[text-to-speech] Get length of the audio when connecting via Websocket (WS)

watson-developer-cloud / unity-sdk

:video_game: Unity SDK to use the IBM Watson services.

Apache License 2.0

569 stars 206 forks source link

[text-to-speech] Get length of the audio when connecting via Websocket (WS) #652

Closed kpprt closed 3 years ago

kpprt commented 4 years ago

When using a Websocket connection to stream the audio we currently don't know when we have reached the end. Is it possible to either

get the full length of the audio at the start of the stream (if possible) or
get a signal from the server - respectively an event from the SDK - when the stream has finished?

Thanks for the support! Chris

mamoonraja commented 4 years ago

@kpprt Thanks for opening the issue, which version of SDK are you using, and can you provide me a snippet of how you are implementing it, or are you using one of our example snippets?

kpprt commented 4 years ago

@mamoonraja Thanks for the reply! We are using the currently latest version: 4.8.0. I can provide a snippet, but it will take some time to throw out unrelated stuff.

I couldn't find an example for TTS with Websockets, but if there is one I'd be happy to have a look at it.

kpprt commented 4 years ago

Hi @mamoonraja You can find a simplified example here: https://gist.github.com/kpprt/bba2b187e2cc3ac70014a61c72f3c83a

Simply drop the MonoBehaviour into a new Scene with a default Camera and an AudioListener. Also make sure to enter valid credentials in the Serialized Fields.

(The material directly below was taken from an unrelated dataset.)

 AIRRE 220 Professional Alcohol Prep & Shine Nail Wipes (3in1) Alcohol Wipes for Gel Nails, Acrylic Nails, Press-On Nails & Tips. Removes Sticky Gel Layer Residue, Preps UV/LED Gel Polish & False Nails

We normally use async await functions instead of Coroutines, but I rewrote it so it works without any additional tools.

As a first hint regarding the end being cut off (#635): The issue only seems to arise when the output text is long enough, e.g.: "Hello Mamoon, thanks for helping out and giving support!" is being cut off occasionally whereas "Hello Mamoon, thanks for helping out!" is not.

kpprt commented 4 years ago

@mamoonraja Hi Mamoon, is there any update on this matter? I saw that there is an OnListenClosed method in the TextToSpeechService.cs, but unfortunately that event is not available from outside the SDK.

mamoonraja commented 4 years ago

Hi, we still don't have any new updates on #635. But you can use onClose method to look for when the connection is closed. Seehttps://github.com/watson-developer-cloud/unity-sdk/blob/master/Scripts/Services/TextToSpeech/V1/TextToSpeechServiceExtension.cs#L218

stale[bot] commented 3 years ago

This issue has been automatically marked as stale because it has had no recent activity. It will be closed if no further activity occurs. Thank you for your contributions.

JPM87 commented 3 years ago

@mamoonraja Can you explain why the header does not contain the correct chunk length? Is it an issue in the unity-sdk? Instant audio streaming is the reason why I would prefer websockets to the rest service... The hack only applies if we have the full audio clip available....

The second issue (alreday reported) is that the audio is cut off because the socket closes before transmitting all data. I am trying to implement the socket in a business application and we really prefer watson. But these issues are really disappointing and the fixes do take way to long :(

stale[bot] commented 3 years ago

This issue has been automatically marked as stale because it has had no recent activity. It will be closed if no further activity occurs. Thank you for your contributions.

RadekKazbundaAtMama commented 3 years ago

Can you explain why the header does not contain the correct chunk length?

Streaming is starting before the input text is fully processed, so the actual output length is not yet know. TTS service is designed to process very long inputs in a streaming way, so: TTS service will start streaming audio when it has first few 100ms of audio available, at that moment it does not know how much audio will have to produce or how to process the rest of input text.

The missing audio length in header is not considered a "bug", but a part of streaming feature.